Se sintió confundida cuando Asher empezó a negar, parecía muy seguro, pero también como molesto, lo que sin duda la llevó a fruncir el ceño y ponerse de pie ante él.

—¿Qué? ¿No te gustaría que viaje o que viva en tu perfecta mansión?

—No es eso, Catalina, no te alteres —le indicó, moviéndose para cubrirse del sol con la sombra de la joven—. No me gusta la idea de que tengas que pagar haciendo de empleada en mi casa, además, que es ilegal en Estados Unidos el trabajo que tú haces en mi país.

—Estoy por cumplir la mayoría de edad.

—Sí, en este país. En Estados Unidos la cumples a los veintiuno —fue rápido con ella—. A los dieciocho te puedes ir de casa, empezar un trabajo quizás, pero no puedes tener una vida de adulto porque te faltarían varios años —ella no entendía por qué el tema había nacido—. La idea de que vivas con nosotros es genial, puede ser una gran oportunidad para ti, sin duda, pero no me gusta que se vea como algo que debes pagar con servicios domésticos.

—Tu madre no dijo que era algo así.

—Pero es lo que pasará.
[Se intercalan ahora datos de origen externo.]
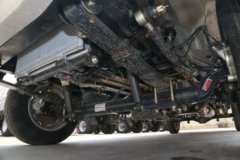 长安跨越王 X1 1.5L 汽油 112马力 3.05米单排栏板微卡(单后轮)(国六)(SC1031XDD64)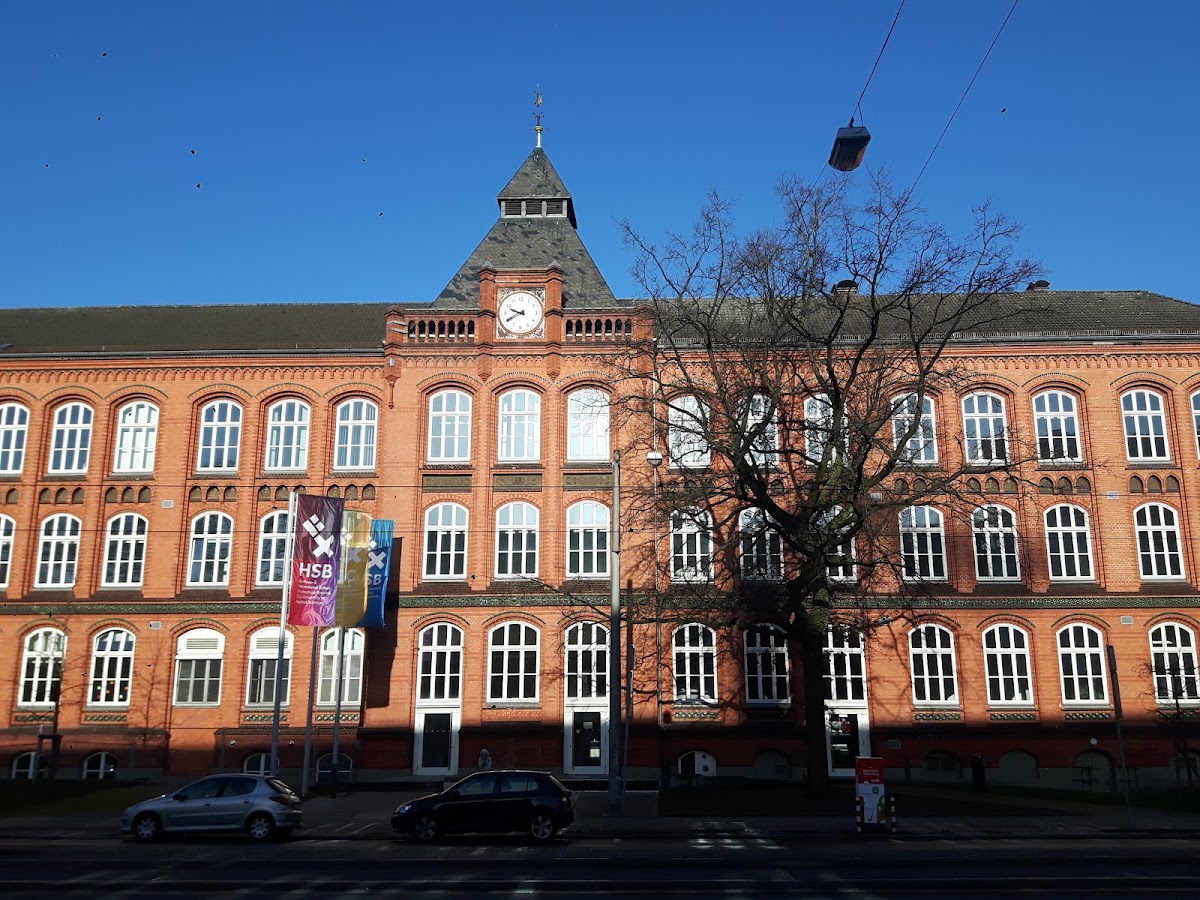 Hochschule Bremen photo 1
Empiezan a pedirte que laves los trastes, que cargues la lavadora, y cuando te das cuenta, no tienes ni tiempo para hacer tareas, estudiar o incluso ir a clase porque te toca cubrir la limpieza de mi casa —cuando se puso de pie, la joven pasó saliva, solo viendo esa mano que le rozó la mejilla—. Me gusta la idea de que puedas estudiar fuera, pero no que vengas con mi familia.

—Tu familia es a la que conozco, Asher, y no he dicho que pasará —respondió siempre viéndolo a los ojos—. Te indiqué que fue un comentario que hizo tu madre, que ha quedado en la cabeza de la mía desde ese momento, y cada vez que lo recuerda se invade de emoción, para luego terminar llorando pensando en lo mucho que me extrañará.